L’immunité naturelle : l’alliée oubliée de la santé publique

Les chercheurs continuent de s'interroger sur la valeur des vaccins par rapport à l'immunité naturelle.
Par Conan Milner
22 juin 2021
Mis à jour: 22 juin 2021

Aux États-Unis, toute personne âgée de 16 ans et plus peut désormais recevoir le vaccin contre le Covid-19.

HealthCare.gov, l’organisme à l’origine de la loi sur les soins abordables, a récemment envoyé un courriel annonçant la « bonne nouvelle ». Ils ont déclaré que le nouveau vaccin était « un outil important pour aider à mettre fin à la pandémie, et c’est votre meilleure protection contre le Covid-19. »

Mais est-ce vraiment la meilleure ?

Une autre forme de sécurité immunitaire ne retient guère l’attention, mais cela peut avoir des avantages que n’importe lequel des vaccins Covid actuellement disponibles sous autorisation d’utilisation d’urgence n’a pas. Et beaucoup d’entre nous ont peut-être déjà cette protection, sans avoir à se faire vacciner.

L’immunité naturelle (le processus inné d’attraper un virus et de s’en remettre) est connue depuis de nombreuses années. Ce processus s’est également révélé capable de produire une protection significative par anticorps contre le Covid-19. Selon une étude financée par les National Institutes of Health (NIH) et publiée en janvier dans la revue Science, le système immunitaire de « plus de 95 % des personnes qui se sont remises du Covid-19 avaient une mémoire durable du virus jusqu’à 8 mois après l’infection ».

Les symptômes n’ont pas besoin d’être graves pour que la protection soit forte. Une étude a examiné des personnes qui s’étaient remises d’un cas bénin de Covid-19 et a constaté que les cellules immunitaires « non seulement persistent, mais se différencient continuellement de manière coordonnée pendant une bonne partie de la convalescence, dans un état caractéristique d’une mémoire durable et auto-renouvelable ».
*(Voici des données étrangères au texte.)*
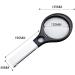 Magnifying Glass with Light 4X 10X Handheld Magnifying Glass 12 Led Illuminated Lighted Magnifier for Seniors Reading Soldeinspection Jewelry Explomagnifier/Black Comfortable Anniversary - Buy Online on GoSupps.com
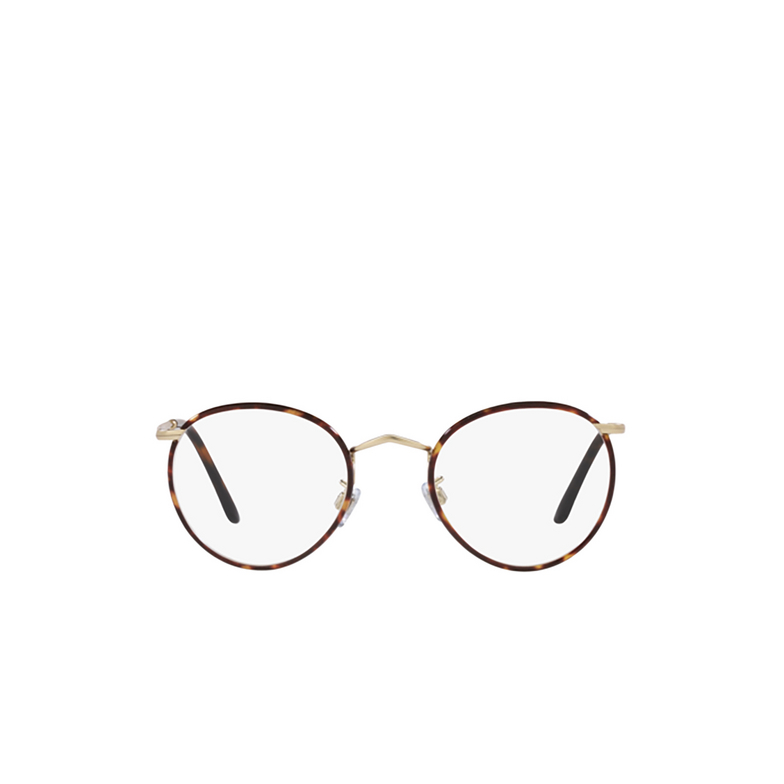 Giorgio Armani AR 112MJ Eyeglasses 3002 matte pale gold / havana - 1/4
Mais est-ce mieux qu’une vaccination ? Une étude danoise ne le pense pas. Elle suggère que l’immunité induite par le vaccin contre le Covid-19 pourrait être légèrement supérieure à l’immunité naturelle, qui prévient la réinfection dans 80 % des cas environ (à comparer avec l’efficacité de 95 % revendiquée par les fabricants de vaccins).

Cependant, les chercheurs admettent que de grandes inconnues subsistent. Par exemple, l’étude n’a pas examiné la gravité des réinfections dues à l’une ou l’autre des méthodes d’immunité. Il est peut-être encore trop tôt pour dire comment l’immunité naturelle se situe par rapport aux promesses de protection des vaccins de Pfizer, Moderna ou Johnson et Johnson, car la maladie contre laquelle ils protègent est encore très récente. En attendant, les données comparatives solides font défaut.

Mais lorsqu’il s’agit de protéger par la vaccination des virus que nous connaissons depuis des générations, l’immunité naturelle est généralement supérieure.

Dans une vidéo de mars 2020, le Dr Paul Offit, directeur du Vaccine Education Center et professeur de pédiatrie à l’hôpital pour enfants de Philadelphie, a abordé la différence de puissance entre l’immunité naturelle et la protection vaccinale en se servant de son propre exemple. M. Offit a expliqué que les anticorps contre la rougeole qu’il a développés lorsqu’il a attrapé la maladie dans son enfance, dans les années 1950, sont « probablement trois fois plus puissants que ceux que les enfants obtiendront s’ils sont vaccinés ».

Mais l’acquisition de cette protection de premier ordre s’accompagne d’un gros hic : un risque accru de maladie grave, d’hospitalisation, voire de décès.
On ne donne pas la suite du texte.